Patients with occult hypoactive delirium may demonstrate flat affect, psychomotor slowing, decreased engagement, and suicidal ideation; this necessitates careful cognitive examination when evaluating the patient with cancer for depression. Differential diagnosis of suicidal ideation in this population must always include encephalopathic conditions; the presence of hallucinations or delusions is a risk factor for suicide attempts.⁴⁵ Finally, a complete differential diagnosis may include several other constructs (demoralization and conservation-withdrawal) that have been proposed to describe psychological symptoms of low mood, interest, or rumination. Demoralization syndrome includes existential distress, hopelessness, helplessness, isolation, and potential suicidality, but is differentiated from major depression by the lack of generalized anhedonia.⁴⁶ Conservation–withdrawal is a construct proposed to explain behavioral disengagement and inactivity as a means of conserving energy while fighting a serious illness; patients may display diminished speech and movement and withdrawal from usual activities, but usually lack depressed mood per se.⁴⁷

There is an enhanced emphasis on depression screening in cancer settings as a result of the National Cancer Institute’s recent mandate that all comprehensive cancer centers should screen oncology patients for emotional distress.
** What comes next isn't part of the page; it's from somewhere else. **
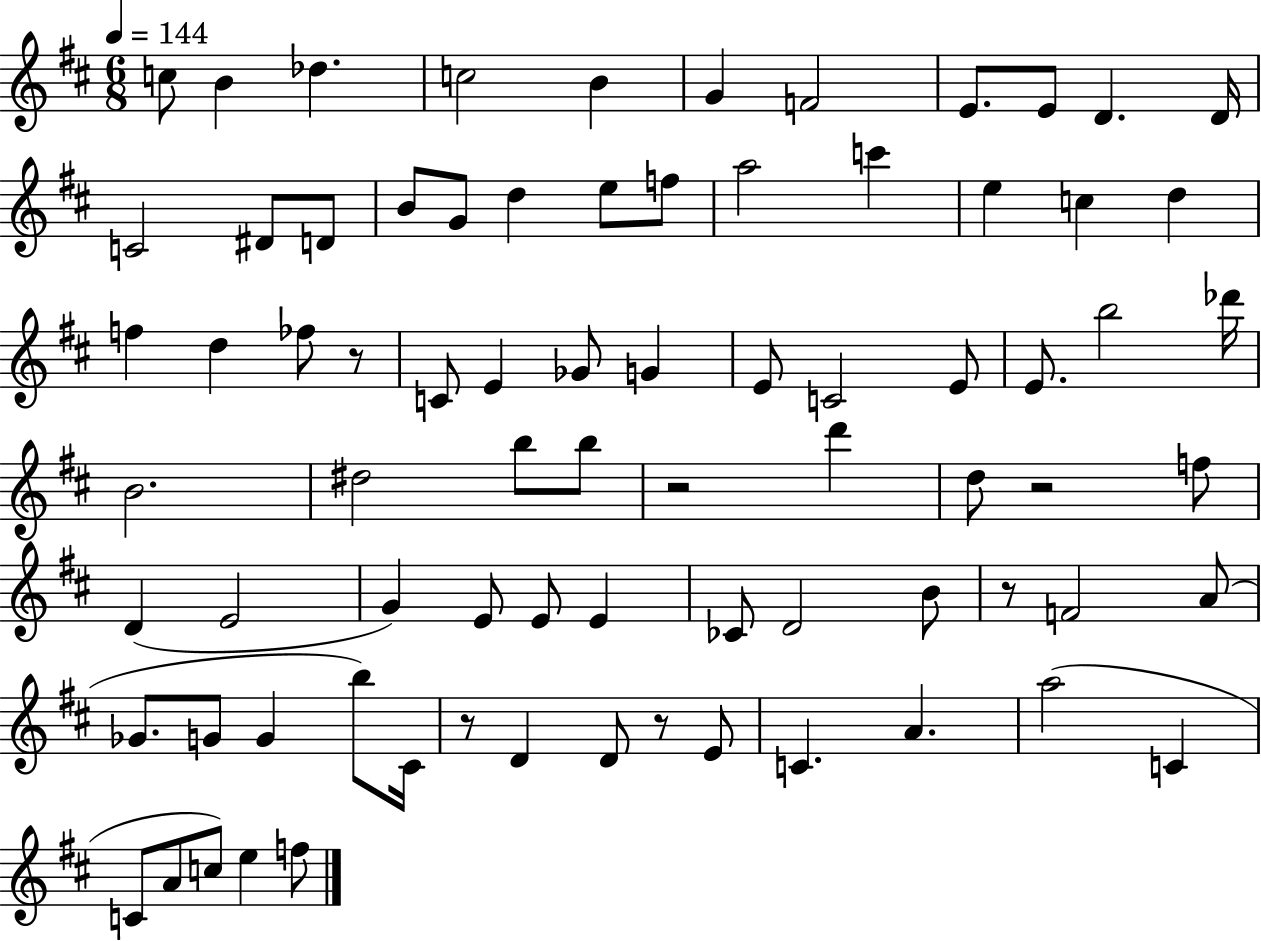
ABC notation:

Clinicians have historically underestimated the severity of depressive illness in the cancer population. One large study found a concordance of only 13% between oncologist and patient ratings in patients with severe depressive symptoms; nursing staff ratings had no greater concordance^48,49 with patient scales. The six-item Brief Edinburgh Depression Scale, initially developed for post-partum settings, may be useful as a screening tool for oncology practices; other options include the Patient Health Questionnaire-Depression Module (PHQ-9) and the Beck Depression Inventory (BDI). Although the Hospital Anxiety and Depression Scale (HADS) is the most extensively validated screening tool for emotional distress in cancer patients, thresholds for clinically significant distress are widely variable across studies.⁵⁰ Although there is no clear evidence that depression screening alone improves outcomes compared to usual care,⁵¹ screening that is linked to collaborative care interventions in cancer patients shows promise in early trials.⁵²

Opioids, corticosteroids, interferon, adjuvant hormonal treatments, and several chemotherapeutic agents, including tyrosine kinase inhibitors,⁵³ are medications used in treating cancer that are also implicated in substance-induced depression (Box 6-6). Recognition of depression as a potential side effect can help clinicians tailor treatment when appropriate, for example, by minimizing steroid use, or to identify and treat any resulting depression in a timely fashion if it occurs.

INTERFERON

After high-risk early-stage or metastatic melanoma a year-long course of interferon alpha may be given. Among its many constitutional and neuropsychiatric side-effects, this recombinant cytokine can gradually trigger a depressive syndrome that, in instances, necessitates dose reduction or even discontinuation. Thus, mental health management for patients receiving interferon is especially important.

A small body of research supports use of antidepressants in patients receiving interferon alpha, both in resolving interferon-related depressive symptoms and allowing patients to successfully complete the interferon course.⁵⁴ Pretreatment with a serotoninergic antidepressant (in one small RCT, paroxetine) may delay or prevent onset of interferon-related depression in melanoma patients.⁵⁵ However, pretreatment is best reserved for patients who, at time of interferon initiation, are either already on an antidepressant regimen or report prominent depressive symptoms.⁵⁶ Interferon occasionally precipitates mania, hypomania, or a mixed state,^56,57 and this ill-effect may be fostered by antidepressants.